===== RECORDS FOR THE EXERCISE
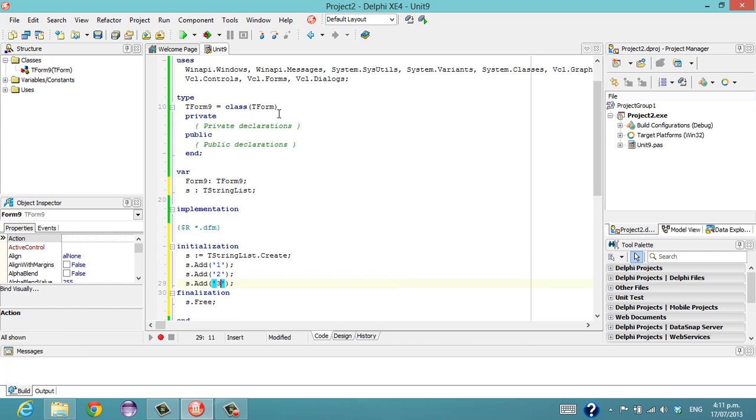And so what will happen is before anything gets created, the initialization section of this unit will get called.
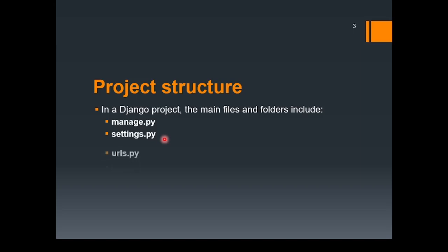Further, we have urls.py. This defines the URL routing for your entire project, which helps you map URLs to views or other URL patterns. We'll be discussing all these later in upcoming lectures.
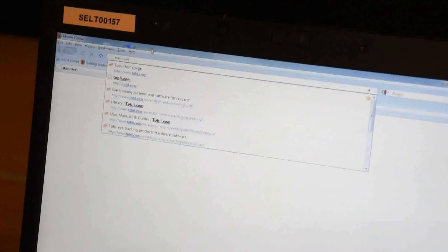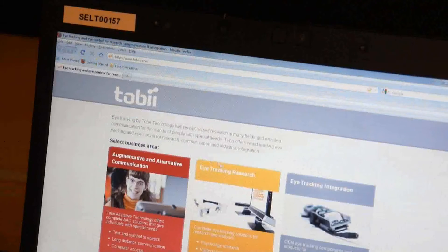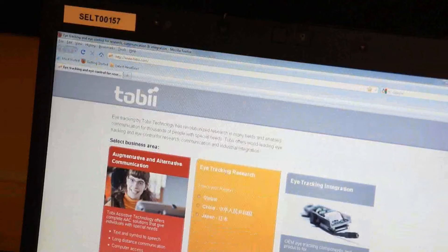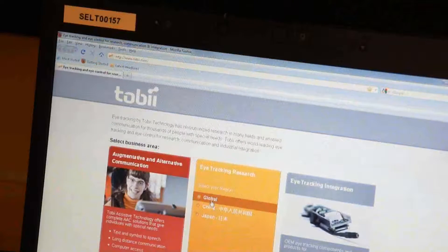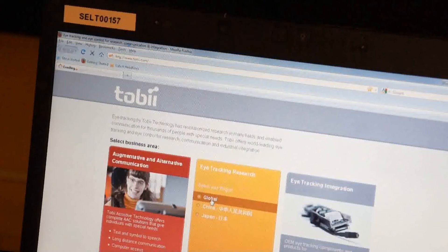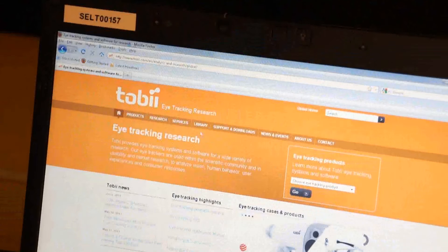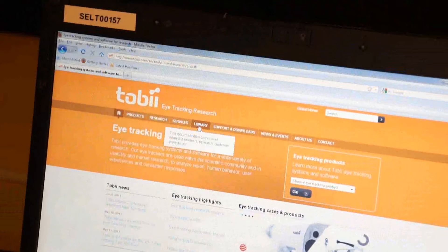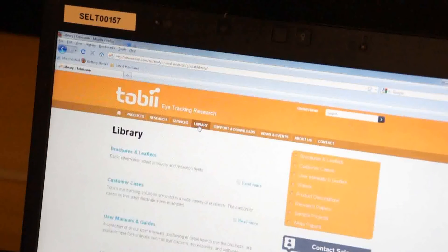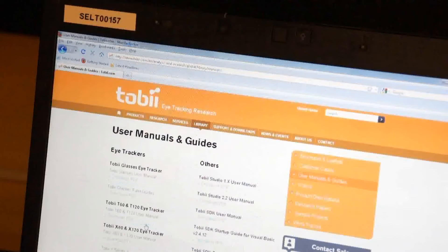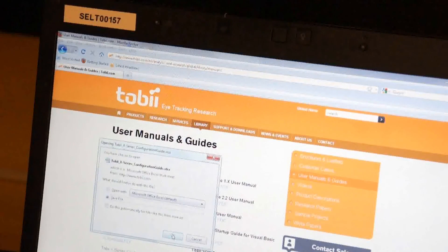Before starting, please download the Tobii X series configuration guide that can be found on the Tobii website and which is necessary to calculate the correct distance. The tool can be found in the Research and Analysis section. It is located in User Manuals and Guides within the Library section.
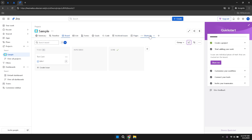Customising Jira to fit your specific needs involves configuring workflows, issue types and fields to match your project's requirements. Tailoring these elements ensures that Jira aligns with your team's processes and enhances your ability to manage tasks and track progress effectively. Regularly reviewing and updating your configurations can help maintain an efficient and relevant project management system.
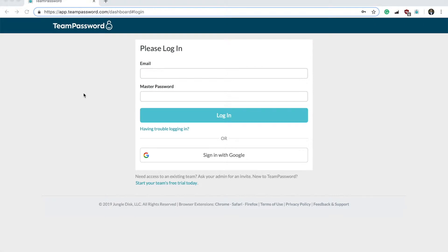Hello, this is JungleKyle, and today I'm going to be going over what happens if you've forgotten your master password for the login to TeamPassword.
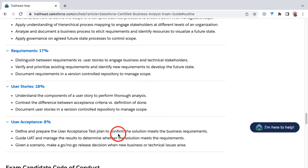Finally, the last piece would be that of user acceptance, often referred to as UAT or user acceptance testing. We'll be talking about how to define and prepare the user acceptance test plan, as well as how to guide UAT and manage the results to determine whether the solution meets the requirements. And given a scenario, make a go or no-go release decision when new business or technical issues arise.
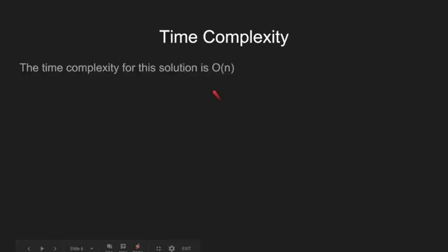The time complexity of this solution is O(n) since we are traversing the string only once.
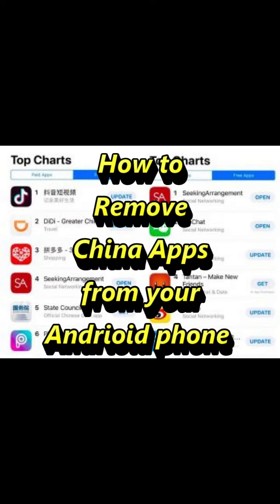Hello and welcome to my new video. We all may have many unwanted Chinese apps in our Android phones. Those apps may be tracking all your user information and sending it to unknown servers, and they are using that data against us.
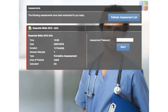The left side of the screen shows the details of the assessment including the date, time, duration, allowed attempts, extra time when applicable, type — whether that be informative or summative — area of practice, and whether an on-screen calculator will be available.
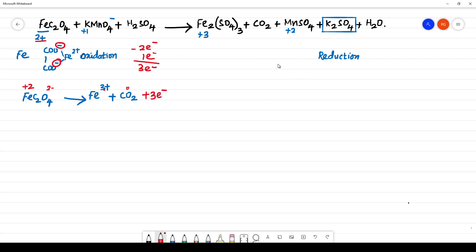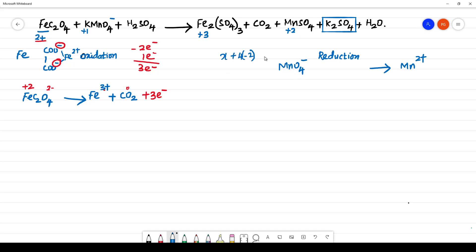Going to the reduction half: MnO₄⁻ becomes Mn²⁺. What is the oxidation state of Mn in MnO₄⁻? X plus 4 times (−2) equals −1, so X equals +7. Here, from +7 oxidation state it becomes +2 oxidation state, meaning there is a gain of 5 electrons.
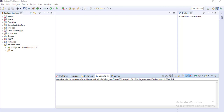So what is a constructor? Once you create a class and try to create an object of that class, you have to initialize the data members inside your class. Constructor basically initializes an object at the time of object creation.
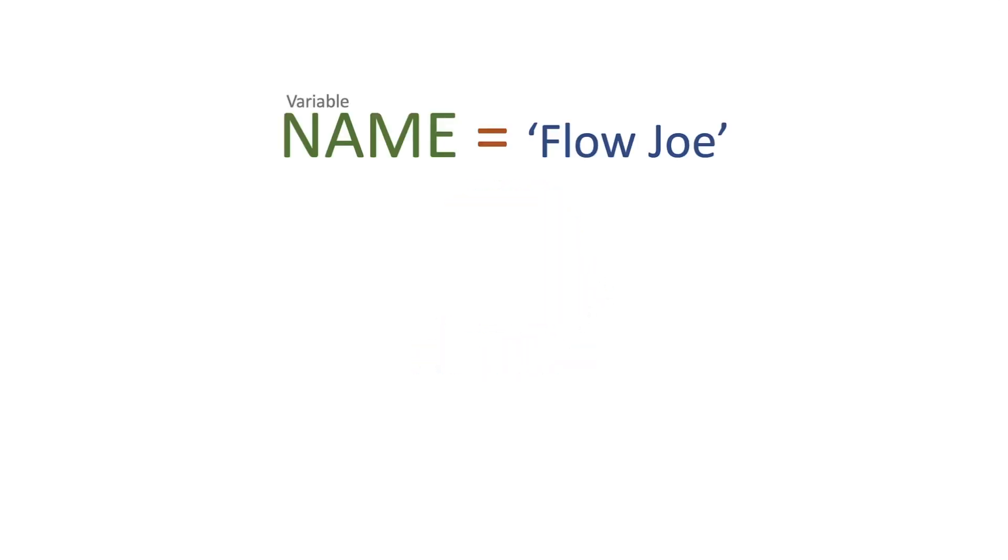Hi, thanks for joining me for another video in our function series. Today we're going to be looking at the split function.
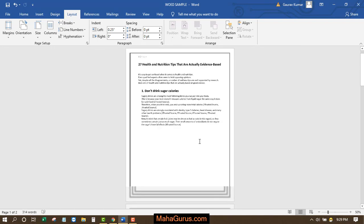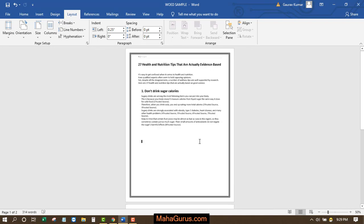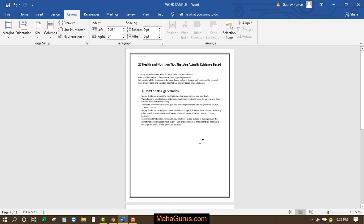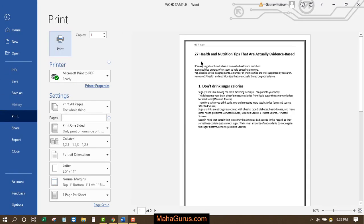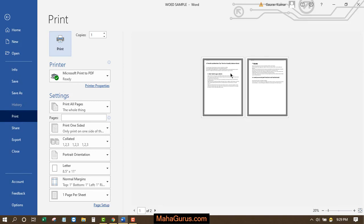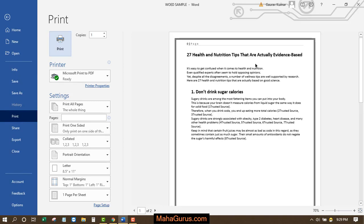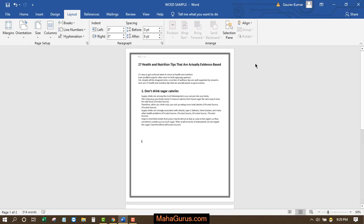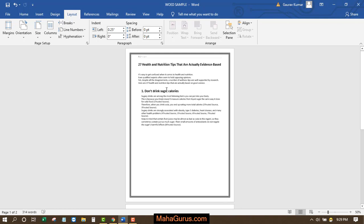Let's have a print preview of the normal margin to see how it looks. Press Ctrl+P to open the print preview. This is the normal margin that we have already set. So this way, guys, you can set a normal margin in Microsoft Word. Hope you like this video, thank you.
==========
** WORK TO BE COMPLETED **
In the entries above, which lines run from the one with "Finally, the last" up to and including the one with "Hello and welcome"? Write them out exactly, without the pictures.

** OUTPUT FOR THIS EXERCISE **
Finally, the last piece would be that of user acceptance, often referred to as UAT or user acceptance testing. We'll be talking about how to define and prepare the user acceptance test plan, as well as how to guide UAT and manage the results to determine whether the solution meets the requirements. And given a scenario, make a go or no-go release decision when new business or technical issues arise.
The time complexity of this solution is O(n) since we are traversing the string only once.
Hello and welcome to my new video. We all may have many unwanted Chinese apps in our Android phones. Those apps may be tracking all your user information and sending it to unknown servers, and they are using that data against us.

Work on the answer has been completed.